*Task statement*: An exact copy of all the data is needed, with every picture left out.

*Given data*:
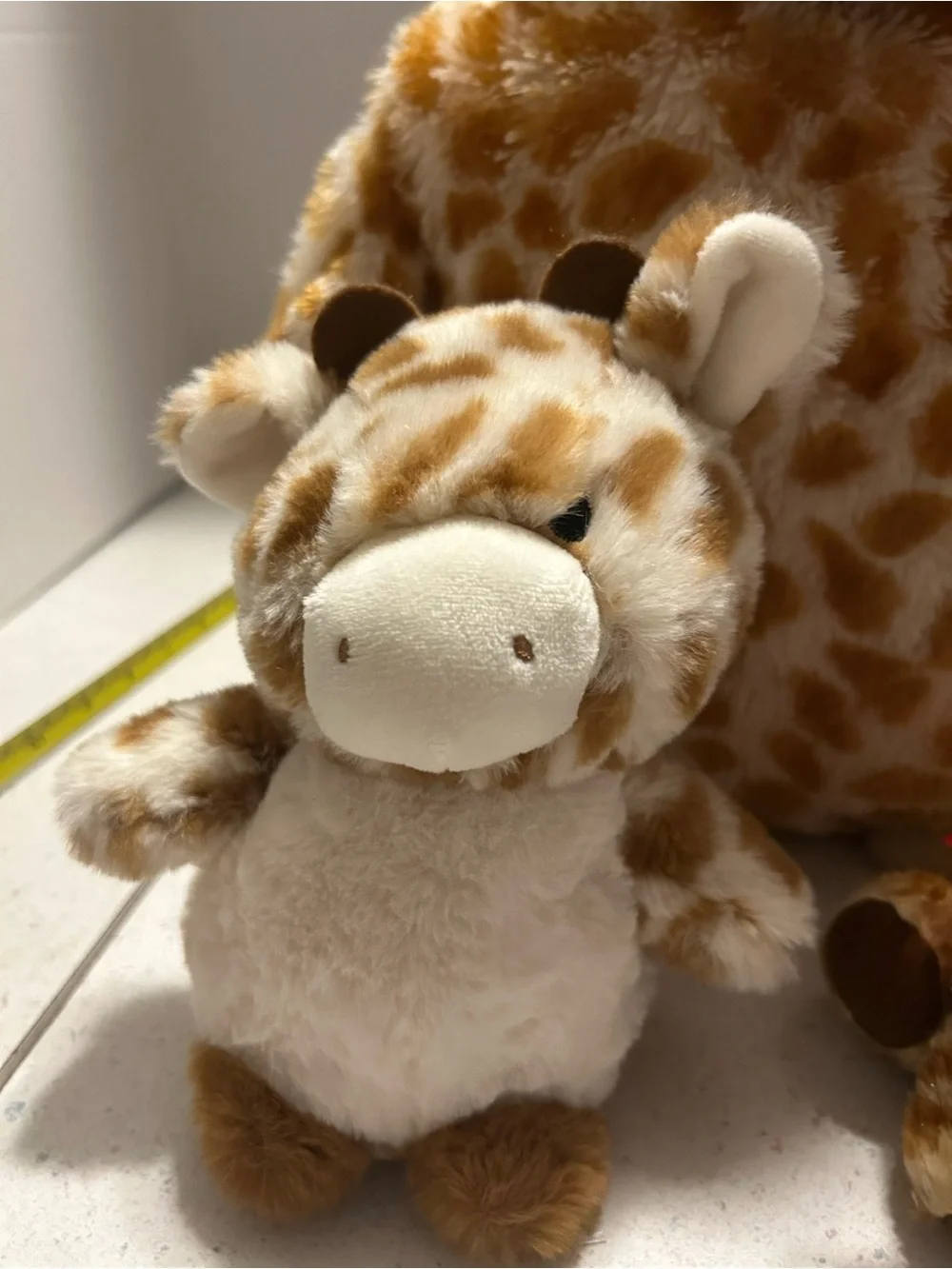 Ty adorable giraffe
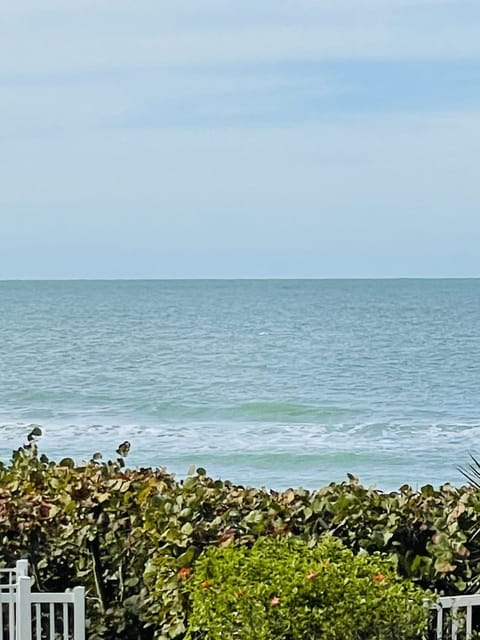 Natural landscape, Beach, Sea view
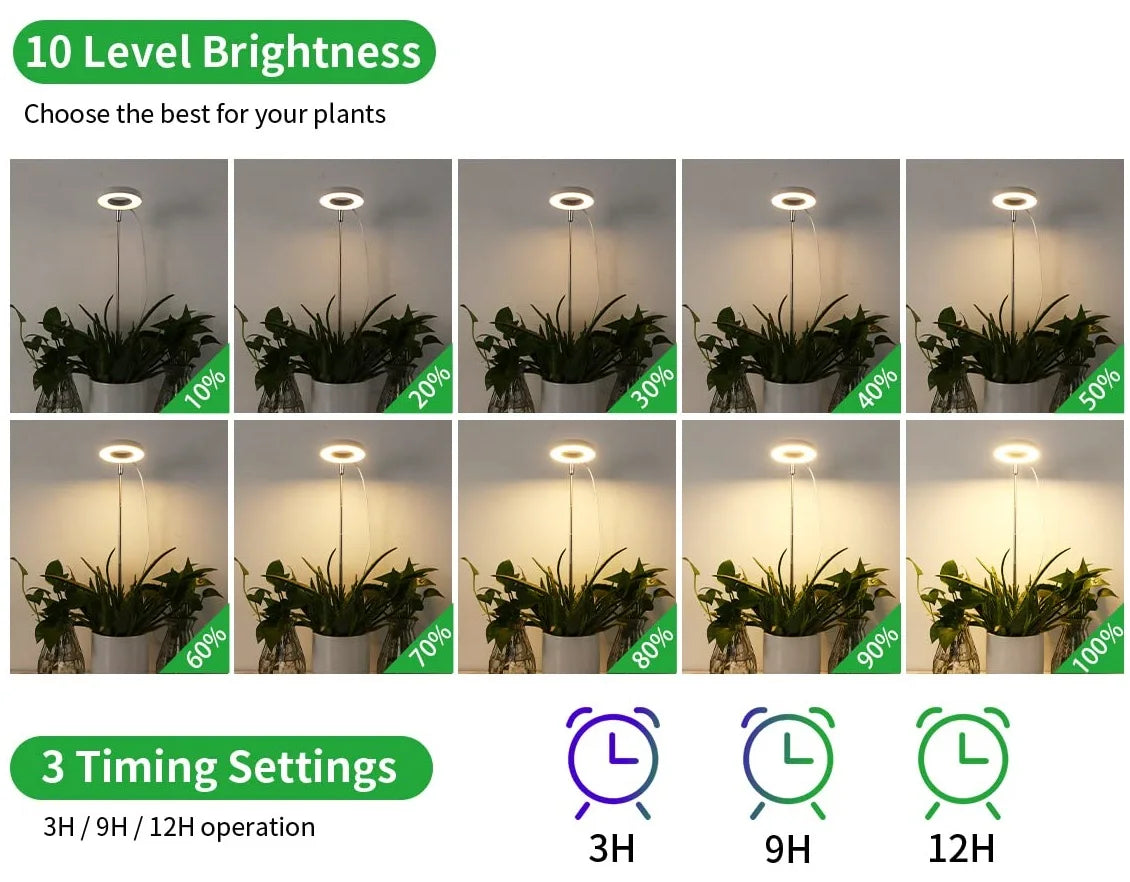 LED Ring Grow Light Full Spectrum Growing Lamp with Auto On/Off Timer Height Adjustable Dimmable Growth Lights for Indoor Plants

*Response area*:
 Ty adorable giraffe
 Natural landscape, Beach, Sea view
 LED Ring Grow Light Full Spectrum Growing Lamp with Auto On/Off Timer Height Adjustable Dimmable Growth Lights for Indoor Plants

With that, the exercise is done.